第5話、学校一の人気者①
包帯を外したユキは、学校一の人気者だった。
授業の合間の休み時間になればクラスメイトがユキの元に集まってきて、他のクラスからも多くの生徒達がユキと仲良くなろうと押し寄せてくる。
新入生代表の挨拶を通じて、ユキの存在は校内に知れ渡る事になった。
天使を思わせる程の可憐な美しさ、スピーチで発した透き通った鈴のような声、そして多くの人達の前でも物怖じせずに背筋を伸ばし、凛とした姿で挨拶を終えたユキに生徒達の心は鷲掴みにされていた。

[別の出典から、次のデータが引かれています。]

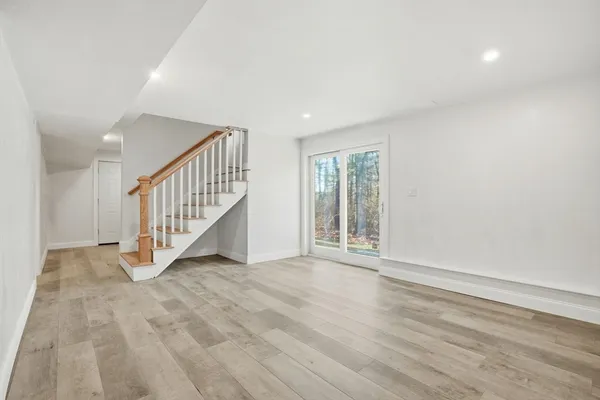 a view of an entryway with wooden floor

ユキは集まってきた生徒達一人ひとりに丁寧に言葉を返す。その性格の良さと彼女の美貌が相まって、ほんの短い間でユキは学校一の人気者、学校のアイドルだという声も聞こえてきた。
それに『帰国子女』というワードにはやっぱり惹かれるものがあるのだろう。彼女の流暢な英語を聞いたクラスメイト達は目を輝かせる。

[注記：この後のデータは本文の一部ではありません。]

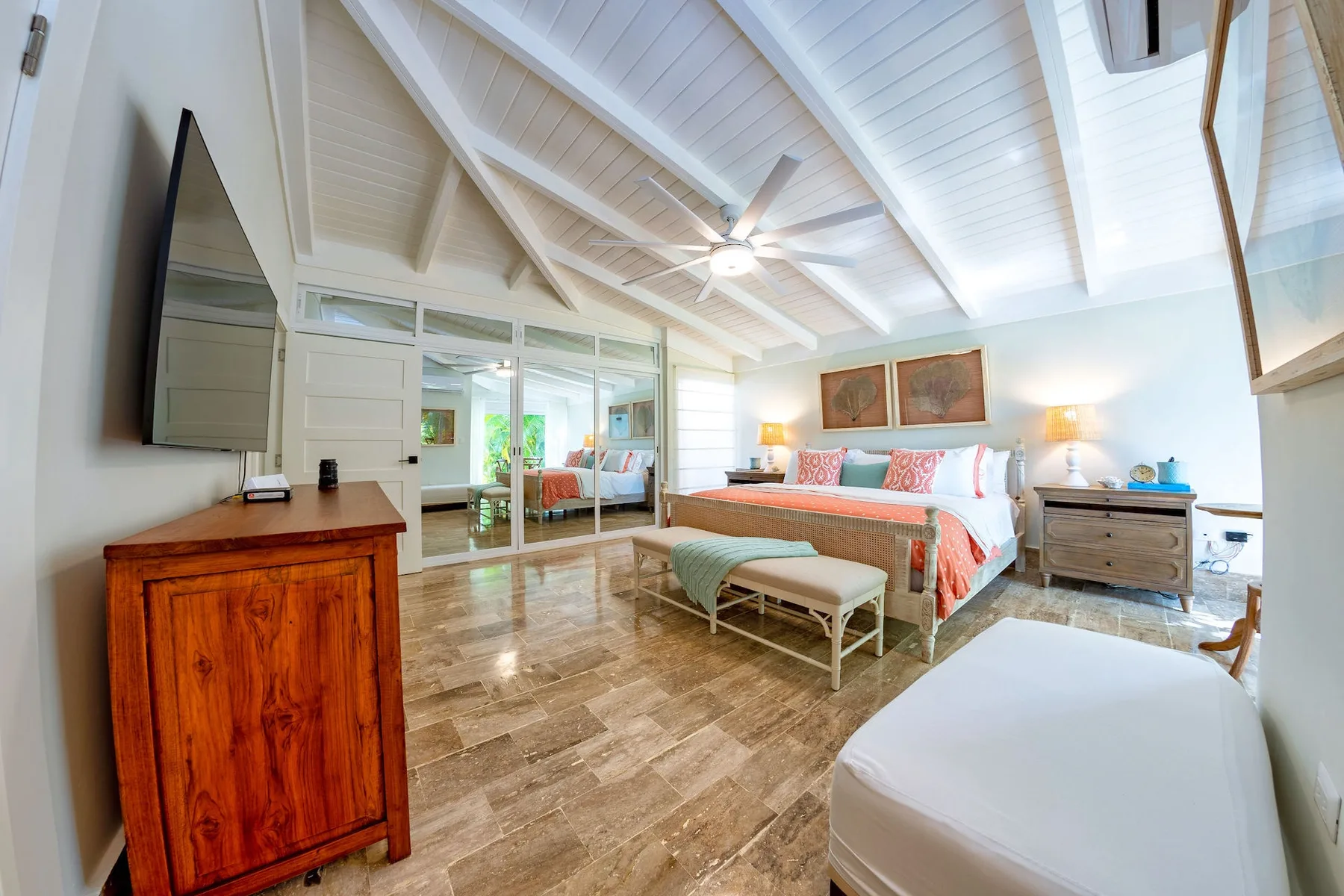 A bright bedroom with a bed, a sitting area, and a high beamed ceiling.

そして昼休みになると今度は先生がユキの所へやってきて、学校の広報誌に載せる写真の撮影を頼みたいと話をしている。生徒だけでなく先生達からの評判もとても良いらしく、説明の為にユキは職員室へと案内された。
そんなユキの姿を眺めていると、前の席に座っている秋也が話しかけてくる。
「晴の幼馴染は凄い人気だね。先生達からも好かれているみたいだし」
「本人は困惑気味な部分もあるみたいだけどな。今まであんなふうに注目される経験はなかったから」
新入生代表の挨拶の時は凛とした姿を見せて、教室で好奇の目に晒されても毅然で立派な立ち振舞いをするユキだが、実のところは人前に出るのは苦手だったりする。

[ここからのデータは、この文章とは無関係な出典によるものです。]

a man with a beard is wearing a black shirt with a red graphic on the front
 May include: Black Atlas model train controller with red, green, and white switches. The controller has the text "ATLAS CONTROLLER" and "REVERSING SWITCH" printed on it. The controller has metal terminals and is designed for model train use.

包帯を巻いていた頃のユキは、いじめられたりして悪い意味で注目される事が多かった。それが原因でユキは人の視線というものが苦手になってしまったのだ。
そんなユキは俺にだけ唯一弱みを見せて、二人きりになるとふにゃふにゃと甘えてくる。その可愛い過ぎるギャップがたまらなく愛おしかった。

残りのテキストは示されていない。